Amaral emendou que a chef argentina é muito bem quista por aqui, porque somos carnívoros - afirmação com a qual a chef concordou. Faceiro, emendou que era açougueiro e que se identificava com Paola por entender de "cortes de carnes". A chef ficou séria e perguntou se era porque ela era um pedaço de carne. Ele sorriu sem jeito e largou um "mas bá, guria". A chef sorriu, se voltou para o prato, pediu um chimarrão - entupido, por sinal. Paola consertou o mate e seguiu o baile.
O problema está nos argumentos: "Mas ela não é uma chef argentina especialista em carnes?", ouvi nesta manhã. "Se ela respondeu desse jeito, deve ter sido porque a relação com o trabalho dela não estava tão explícita assim", respondi. "A interpretação dela não faz ser um comentário machista", foi a tréplica.
Homem, não me diga o que é um comentário machista.
Por esses argumentos, nossas reações serão sempre consideradas exageradas.
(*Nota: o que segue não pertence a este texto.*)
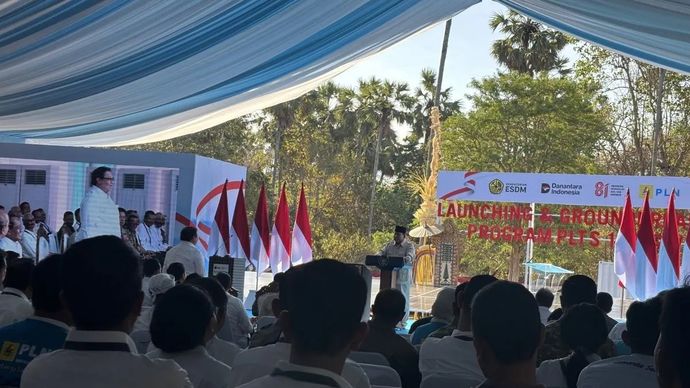 Presiden RI Prabowo Subianto bahas jajaran Kabinet Merah Putih yang bekerja tanpa kenal hari libur, Jembrana, Bali, Selasa, 25 Agustus 2026.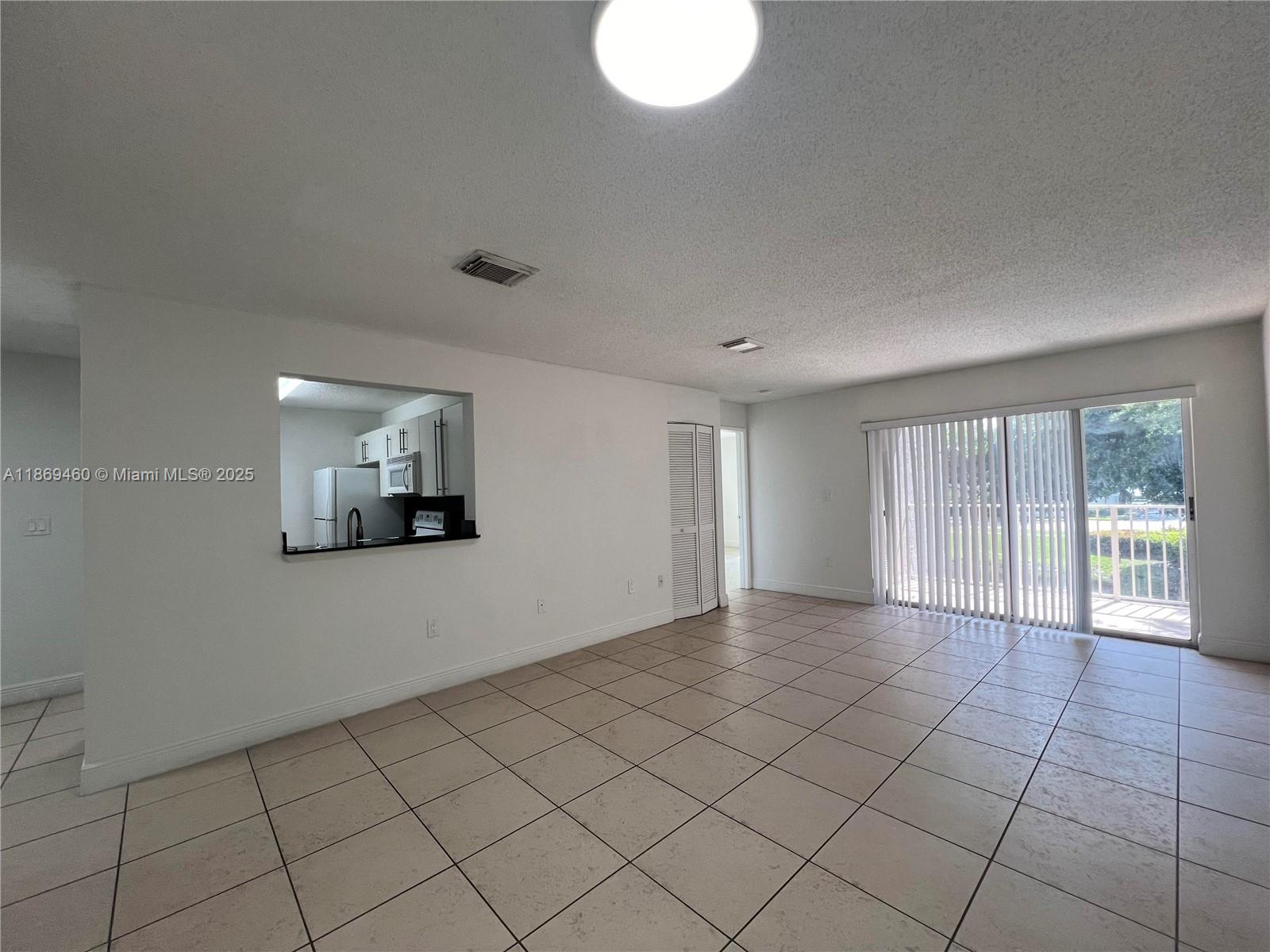 EXCELLENT APARTMENT. LIKE NEW ,TOTALLY REMODELED, KITCHEN GRANITE COUNTER TOP, CERAMIC FLOORING, BATHROOMS. GREAT DEAL, DON'T MISS IT!!!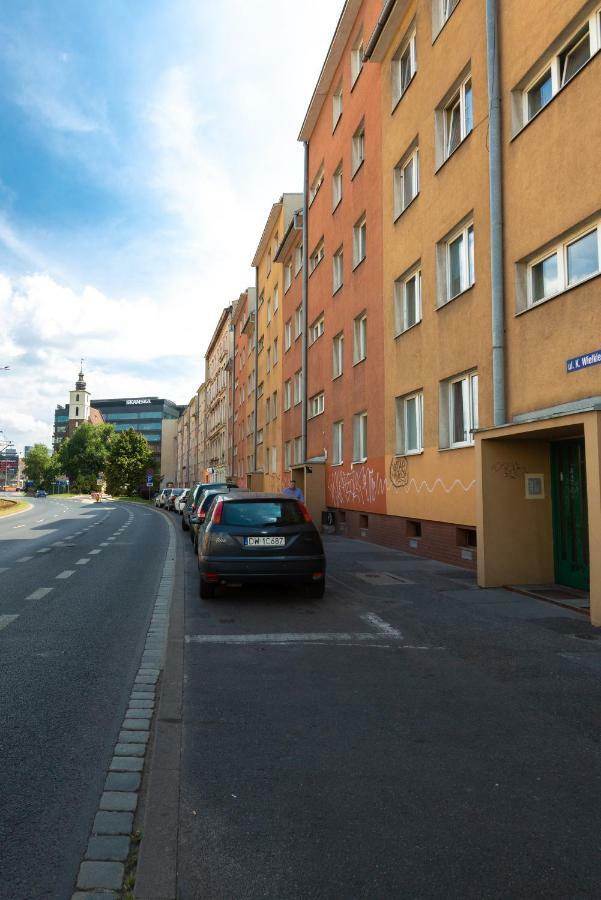 Animal House - StayinWrocław Buitenkant foto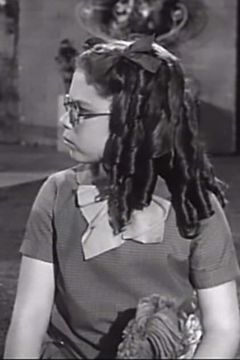 Jeannie Russell interpreta Neighbor (uncredited)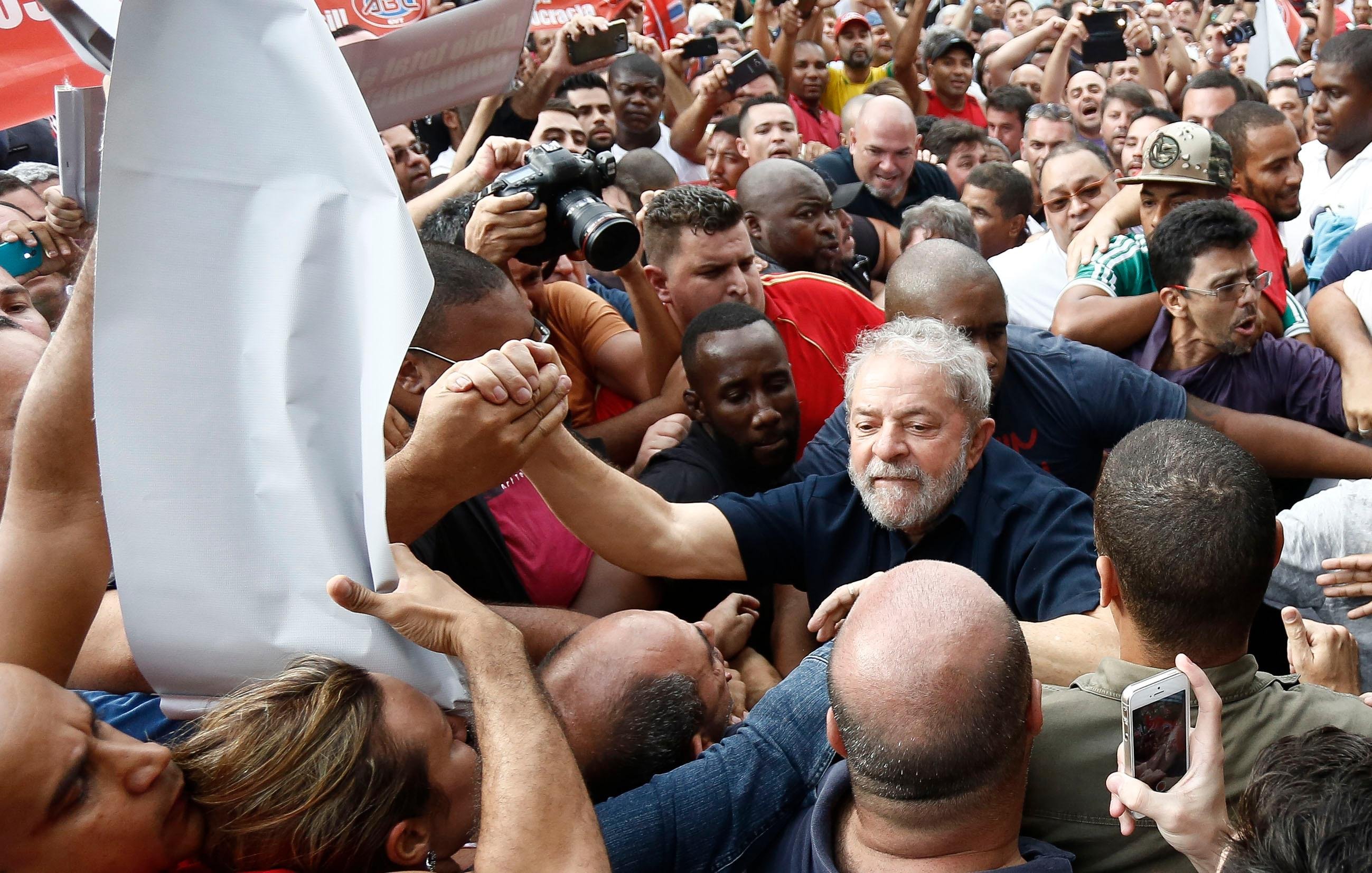 Militantes foram apoiar Lula em frente sua casa em S&atilde;o Bernardo do Campo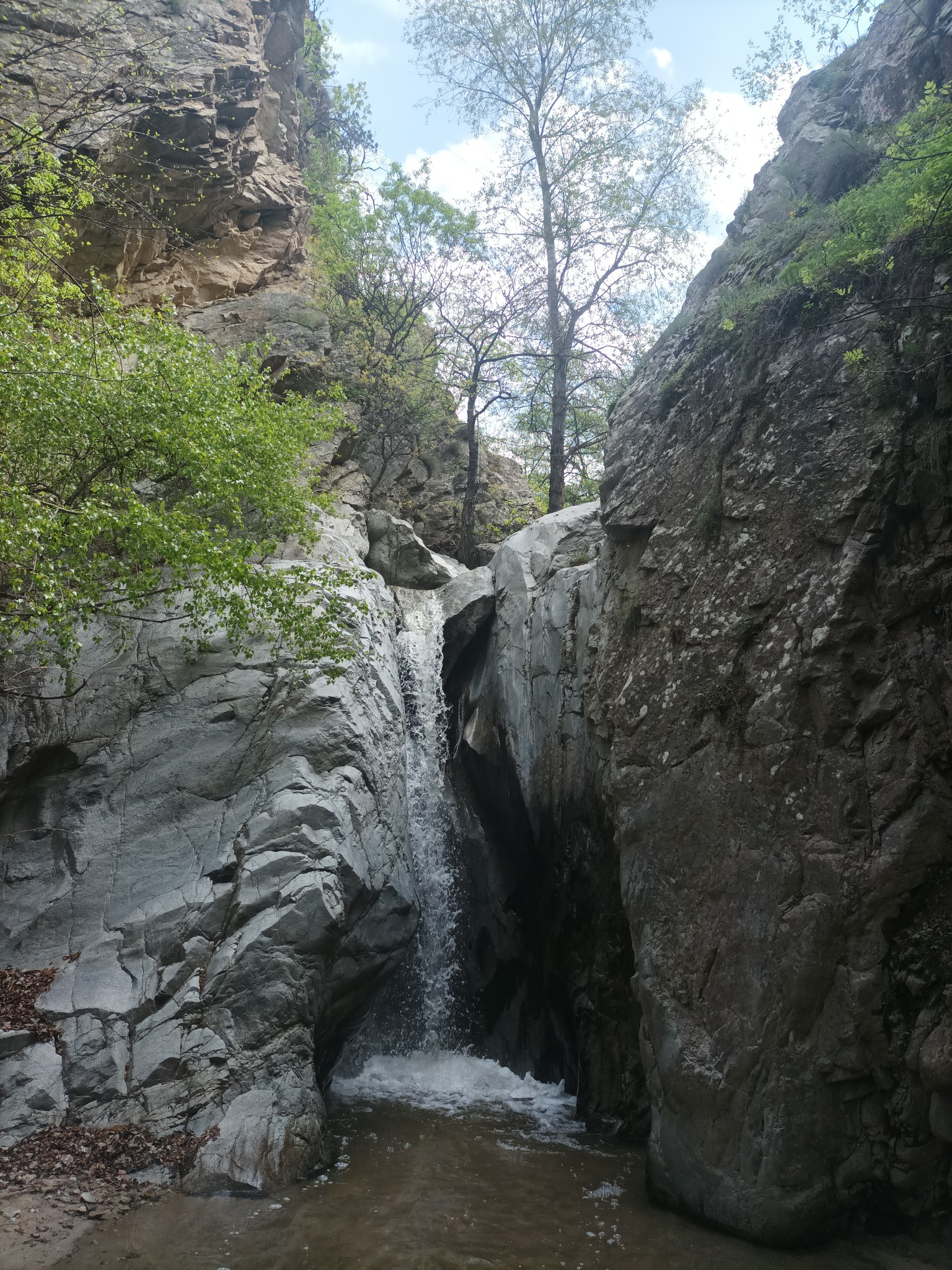 Водопад Луда река 5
Não podemos argumentar quando nos sentimos ofendidas. Não podemos responder como Paola respondeu porque, dizem os argumentos, ele só estava falando indiretamente sobre o trabalho dela. Dizer que ela é prenda e linda não é nenhum adjetivo relacionado ao trabalho dela. Os adjetivos relacionados ao trabalho seriam: "Que ótima chef você é!, "Admiro seu trabalho", "Pela sua experiência, você é uma referência para quem trabalha com carnes, como eu" ... Mas ela, pelos argumentos que eu ouvi, deveria ter adivinhado isso. E não ter respondido.
Mas é 2017. E vamos reagir. E argumentar. Até que precisemos parar de explicar o que são comentários machistas.